While federal and state courts debate the legal status of abortion, the issue is much more personal for ordinary Americans. Nearly a quarter of U.S. women will obtain an abortion by the age of 45. Three-quarters of the hundreds of Americans my team and I interviewed knew someone personally who has had an abortion.
Help despite moral opposition
Talking confidentially with morally opposed Americans willing to help a loved one get an abortion helped us understand this seemingly contradictory behavior. Our team found three main explanations during our interviews.
The first was “commiseration”: exercising empathy for imperfect loved ones in an imperfect world. The second, “exemption,” carved out a special allowance for only their own loved ones. And a third, “discretion,” considered treating friends and family as capable of making their own moral decisions.
All three approaches enabled Americans otherwise opposed to abortion to maintain their personal values – in this case, keeping their moral opposition to abortion – while also exercising what they believed was an obligation to support a loved one.
One could ask whether this is hypocrisy. Our research suggests otherwise: that requests for help from friends and family activate multiple and potentially competing values.
Such is the case for Maxine and other Americans who hold simultaneously to their opposition to abortion and to their commitment to help a loved one in a time of need. My co-authors and I call this inclination to offer help that runs counter to another value “discordant benevolence.”
Finding morally opposed Americans among willing “helpers” muddies the line between those who support abortion rights and those who oppose them. It also complicates how many of us may understand the ways that ordinary Americans put their values vis-a-vis abortion into practice in real life.
Among interviewees who disclosed to us a personal abortion experience, 10% told us that they, too, were “morally opposed” to abortion. Another 50% said that abortion’s morality “depends.” Asked to clarify, interviewees named contingencies such as a person’s reasons, beliefs, risks, abortion history or consent to sex.
Their own reasons for seeking an abortion varied. Some felt pressured. Some didn’t know quite what to do. One told us, “It’s different when it comes to your body and your future and your life.” Interviewees with personal abortion experience were more likely to say that abortion should be “legal under any circumstances” than to say that they were “not morally opposed” to abortion, consistent with data from the General Social Survey regarding the U.S. population overall.
Americans commonly hedge and offer caveats and exceptions to their legal opinions on abortion.

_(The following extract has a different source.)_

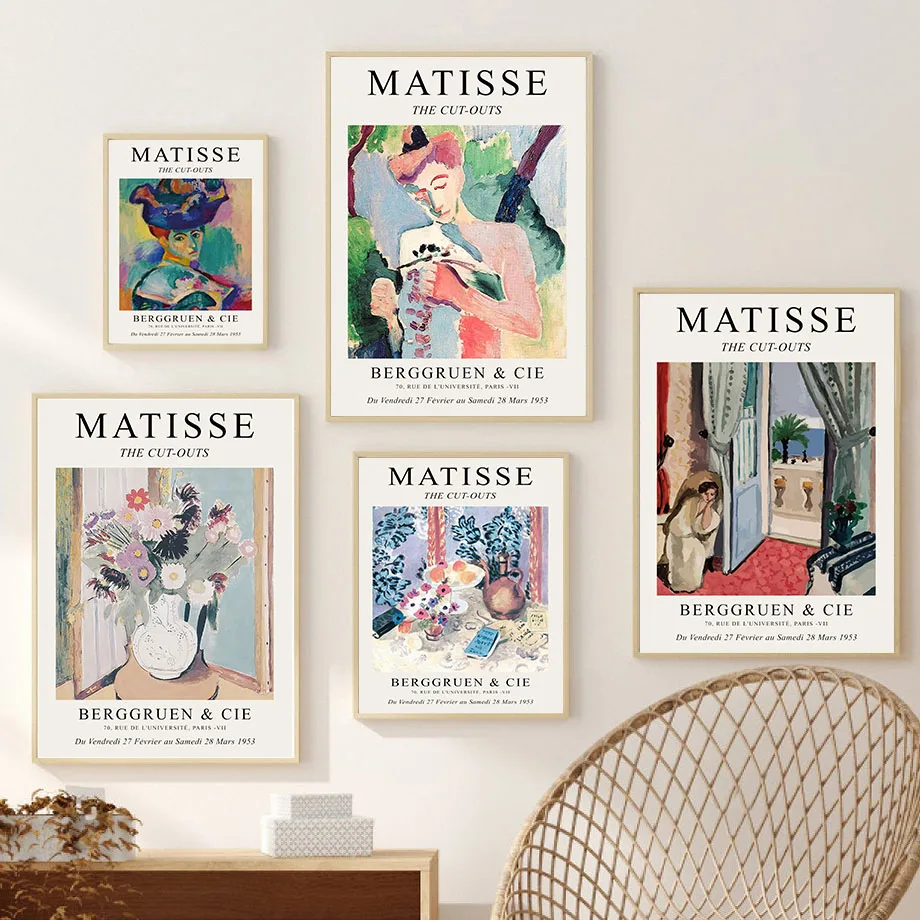 1pc frameless Canvas Painting 1pcs(No frame)Vintage Matisse Women Flower Leaf Classic Gallery Wall Art Canvas Abstract Posters A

Decades of polling from Gallup show the largest group of Americans to support legality in “certain” circumstances. Our interviews revealed that support varied depending on when in a pregnancy an abortion occurs, health risks, number of abortions, or even whether the abortion-seeker is known personally.
Contradictions, complexities and guesses, in other words, were common in ordinary Americans’ abortion thinking and corresponding behavior in relationship with others.
Helping at a crossroads
Like so many of the Americans we interviewed, Maxine bristled at shorthand labels for abortion positions such as “pro-life” as well as at the extremist rhetoric advanced by more radical flanks. “Both sides have a whole viciousness to them, you know?” She cautioned against rendering judgment “until you’ve walked in someone’s shoes.”
Legislation that targets the “helpers”, such as those willing to lend a hand to a friend or family member seeking an abortion, sweeps up a far broader swath of Americans than policymakers may anticipate. The threat of a lawsuit may well dampen the degree of benevolence friends and family are willing to extend.
But as for Maxine, alongside many of her morally opposed American counterparts, the willingness to support a loved one might just persist alongside other sincerely held values.